An effort to return the site of the annual Hill Cumorah pageant to its natural state is almost complete.
The site in the Manchester-Palmyra area was the location for a major festival for the Church of Jesus Christ of Latter-day Saints for more than 80 years. Thousands of people flocked to that event, and several hundred individuals took part in the pageant, which included the re-enactment of scenes from the Book of Mormon.
But in 2018, it was announced that event would be wrapping up, as organizers took into account the commitment the event required, and the evolving focus of the Mormon Church.
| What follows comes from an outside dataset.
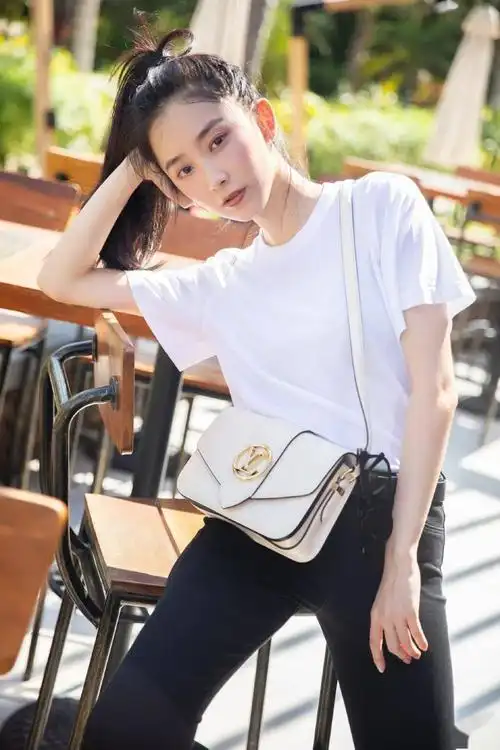 明星穿搭红榜和女明星学习如何打造夏日出街造型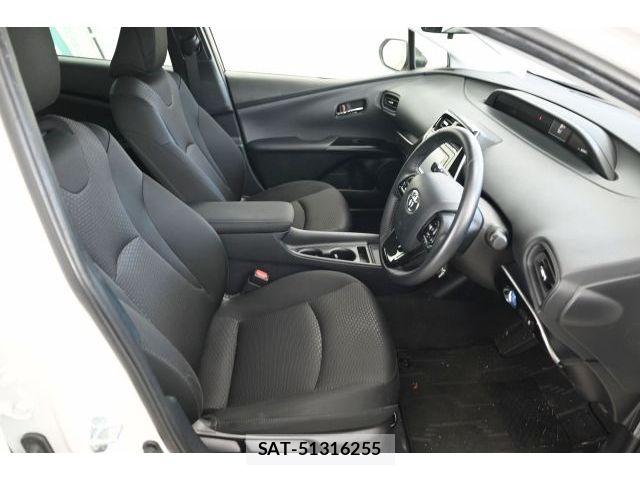 Toyota PRIUS 2021-04 8526634-9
There has been a two-year process to return the site of the pageant to a more natural state, including the planting of thousands of tree seeds last Friday, with the help of more than 50 volunteer missionaries.
The church’s Historic Sites Manager, Ben Pykles noted that almost a century ago, Mormon missionaries planted about 70,000 tree saplings, but a lot of those trees were cut down over the last 80 years as that pageant grew larger.
“And so with the discontinuation of the pageant, we’re now using missionaries again to come and scatter thousands of tree seeds on the hill and those will grow up into the next generation of hardwood, old growth forest on the Hill Cumorah,” said Pykles.
Pykles said there has also been an effort to remove about two dozen pageant-related buildings at that location.
“So all those buildings have been removed, hundreds of thousands of feet of asphalt parking lot and pavement and trails have been removed and a new network of trails has been established that allows visitors to experience the hill in a reverential contemplative manner, much like Joseph Smith would have experienced it in the 1820s,” Pykles said.
The Hill Cumorah location is an important part of the Mormon Church’s history. Members of that faith believe an angel appeared to church founder Joseph Smith on that site.